With reference to the contention with the petitioner assailing the authority of the National Labor Union to represent Santos Ortiz, in view of the dissolution of the San Miguel Brewery Employees and Laborers Association (formerly affiliated by the Union), suffice it to say that under section 17 of Commonwealth Act. No. 103, the Court of Industrial Relations may, on application of an interested party, and after due hearing, alter, modify in whole or in part, or set aside any decision, or reopen any question involved therein. The National Labor Union, and even Santos Ortiz for that matter, are certainly interested parties within the meaning of the law. Moreover, the dissolution of the San Miguel Brewery Employees and Laborers Association should not affect the jurisdiction already acquired by the Court of Industrial Relations. In the case of Mortera vs. The Court of Industrial Relations,* 45 Off. Gaz. 1714, we made the following pronouncement:

. . . When petitioners appeared for the first time before the court of Industrial Relations as members of the Bisig Ng Canlubang (NLU), they appeared as workers of the Canlubang Sugar Estate. When they seceded from said union to form another, they remained to be workers of the Canlubang Sugar Estate. The order of December 11, 1946, prohibiting the workers from striking pending decision of the case was addressed to the workers of the Canlubang Estate. The splitting workers of the Canlubang Workers' Union into two unions cannot affect the jurisdiction of the court. The members of the Canlubang workers Union may even dissolved the union completedly but that would not affect the jurisdiction of the court. Otherwise, approval will be given to the scheme by which a workers' union, in case of an adverse decision of the Court of Industrial Relations, may always make a mockery of orders and decision of said court. Such a result is against the administration of justice and is violative of the principles and the purposes of which Commonwealth Act. No. 103 was enacted.

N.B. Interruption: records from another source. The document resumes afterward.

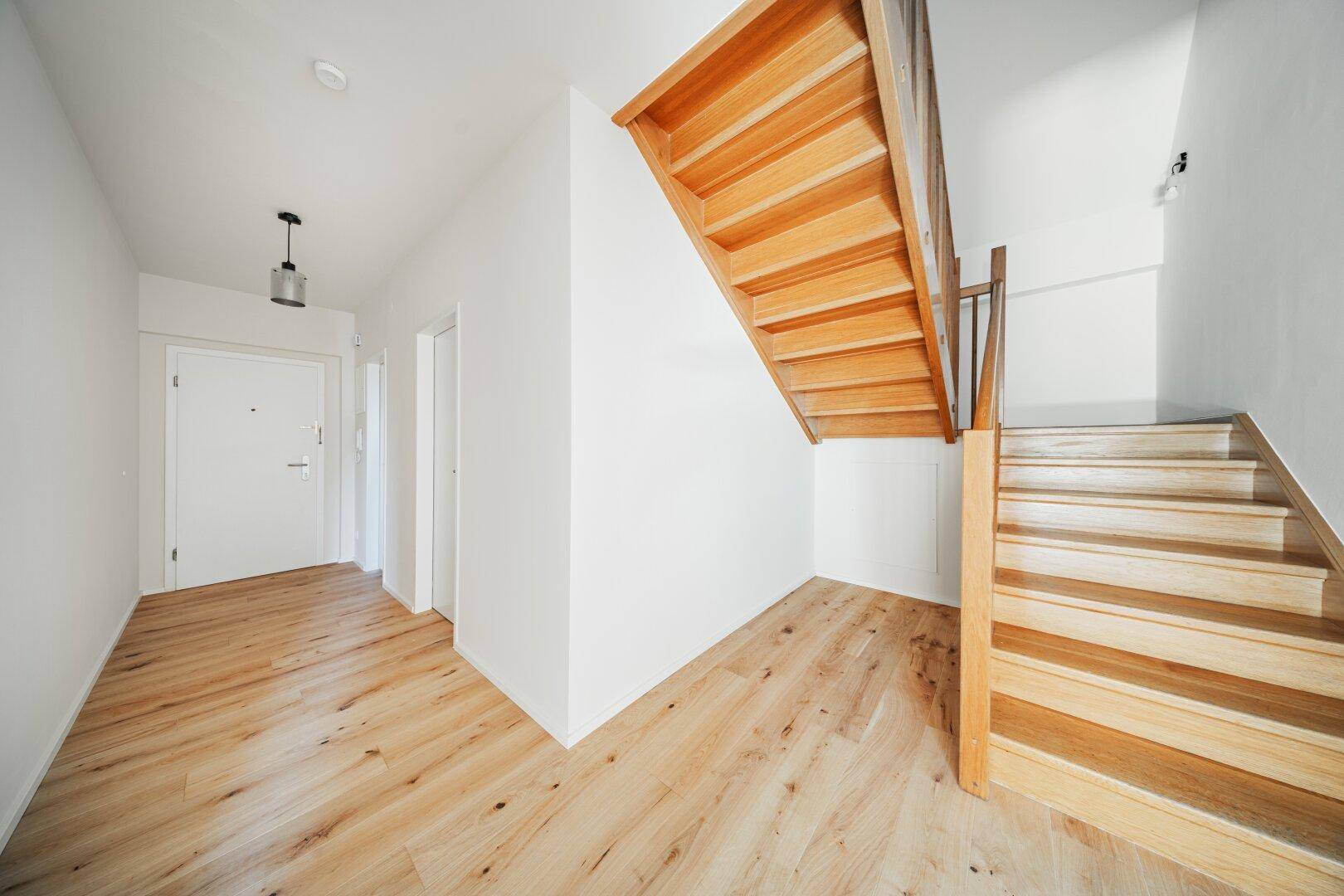Heller Flur mit Holztreppe und Holzboden, der zu den oberen Etagen führt.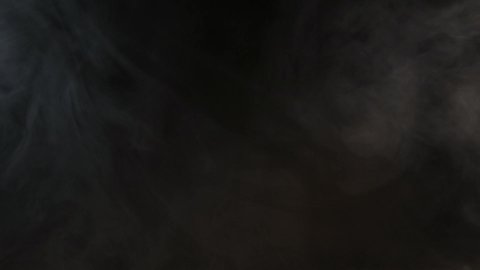 Atmospheric smoke Fog effect. VFX Element. Haze background. Abstract smoke cloud. Smoke in slow motion on black background. White smoke slowly floating through space against black background.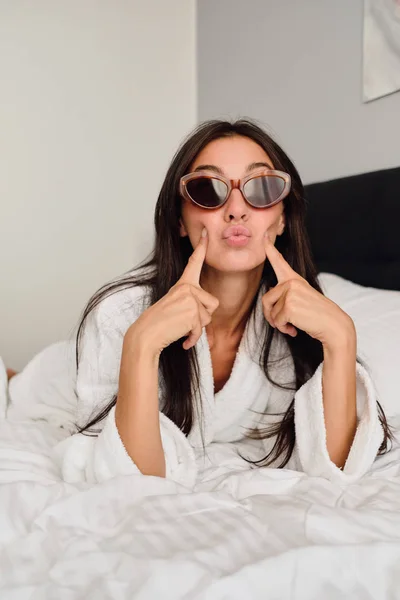 Young beautiful woman with dark hair in white bathrobe and sunglasses holding fingers near cheeks dreamily looking in camera lying on big bed in modern cozy hotel — Stock Photo, Image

The other point raised by the petitioner is that, even it be held that the motion is a mere incident to case No. 271-V, the first Branch of the Court of Industrial Relations should have jurisdiction over it, inasmuch as case No. 271-V was originally assigned to a disposed of by said Branch. The point is not well taken. The assignment of the amended motion to the Second Branch was made by the Presiding Judge, in pursuance of section 1 of Commonwealth Act No. 103, as amended, which provides that the Judges shall act on such matters as the Presiding Judge may designate, and each of them shall have power to preside over the hearing of cases assigned to him and to render decisions thereon. It is already an established doctrine that a court, though composed of several branches, is deemed to be a totality. In the case of Mercado vs Ocampo, 72 Phil. 318, this Court had already upheld the act of one branch regarding an order of another branch of a court of First Instance:

. . . un juez que preside una sala de un juzgado de primera instancia puedemodificar o anular la orden que ha dictado otrom juez del mismo juzgado, sin que por ello se infrinja el principio de coordinacion, y que la norma que de be servir de guia debe ser la de si el juez que dicto la primera ordentenia faculdad para modificarla o dejarla sin efecto, en cuyo caso el otro juez que la modifico o anulo debe tener igualmente la misma faculdad, y la razon de la doctrina asi sentada consiste sencillamente en que ambos juecesactuan en el mismo juzgado y es el mismo juzgado el que ha modificado o anulado la orden.

Wherefore, the order of the Court of Industrial Relations denying the motion to dismiss filed by the petitioner and ordering that the amended motion filed by the respondent Union be set for hearing, and affirmed and it is so ordered with costs against the petitioner.

Feria, Pablo, Bengzon, Tuason Montemayor, Reyes and Bautista Angelo, JJ., concur.